From the Too-Big-To-Crowd: "The DOL's New Fiduciary Rule will destroy us – er, we mean – harm small investors!"
Greek Chorus: "It's the end of the world as we know it!"
From the Class-Action Crowd: "A victory for the plaintiffs in Tibble vs. Edison will open the floodgates to plan sponsor lawsuits."
Greek Chorus: "It's the end of the world as we know it!"
From the Washington Lobby Crowd: "Harmonize! Harmonize! Lest the Eagle of Regulation peck out your eyes!"
Greek Chorus (in pronounced harmony): "It's the end of the world as we know it!"
But, here's what I thought after listening to Fred: "What if the coming 'change' isn't really a change after all?"
Consider this: Already we're seeing that the DOL and the SEC have been working together. Also, the DOL is clearly doing the job it is assigned to do. It's not overreaching, as some have claimed.
The appearance of a Rube Goldberg-like regulatory process only seems that way because the regulatory process is, essentially, something akin to the imaginary contraptions of Rube Goldberg. All that's missing are the funny cartoon drawings. But that's not the DOL's fault. If anything, the fault lies in the Washington culture … but I digress.
But this faux-change gets even deeper. Although we haven't seen the actual wording of the DOL's proposal, we can read the tea leaves. It's likely to merely repeat what we already see for RIAs, complete with those awful (if you're a purist) exemptions, by extending those rules to brokers.
There are enough loopholes in the current rules to satisfy anyone intent on continuing the standard conflict-of-interest model they've profited from all these years. In fact, why call it the "Fiduciary Rule" when the "Fiduciary Swiss Cheese" might be more appropriate?

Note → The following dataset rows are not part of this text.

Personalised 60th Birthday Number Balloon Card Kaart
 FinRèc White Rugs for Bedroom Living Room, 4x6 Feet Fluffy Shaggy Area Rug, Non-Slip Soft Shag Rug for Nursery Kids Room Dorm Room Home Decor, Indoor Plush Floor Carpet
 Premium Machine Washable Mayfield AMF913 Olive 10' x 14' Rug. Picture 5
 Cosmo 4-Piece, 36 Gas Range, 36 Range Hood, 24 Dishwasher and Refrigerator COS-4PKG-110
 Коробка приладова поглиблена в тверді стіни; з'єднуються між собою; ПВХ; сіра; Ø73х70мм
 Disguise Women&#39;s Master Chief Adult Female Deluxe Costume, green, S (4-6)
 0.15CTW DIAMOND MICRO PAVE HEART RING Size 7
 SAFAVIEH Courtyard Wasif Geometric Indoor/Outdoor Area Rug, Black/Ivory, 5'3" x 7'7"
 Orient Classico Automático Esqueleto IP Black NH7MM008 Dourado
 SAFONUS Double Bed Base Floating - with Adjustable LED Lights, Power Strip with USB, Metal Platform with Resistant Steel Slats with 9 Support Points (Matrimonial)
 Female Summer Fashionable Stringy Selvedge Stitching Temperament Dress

Even Tibble holds less promise than one would think. The conflicts-of-interest exposed in that case (and many others like it) have effectively educated plan sponsors. Today, few, if any, remain unaware of the potential personal fiduciary liability caused by these pricing tactics.
That doesn't mean there are other ways to hide fees that plan sponsors have not yet discovered. It just means the low-hanging fruit for class-action attorneys may have already been fully harvested.
So, why do the various industry factions insist on arguing and worrying about these issues? There are, believe it or not, far bigger fish to fry.
But perhaps that's the entire point of this needless diversion.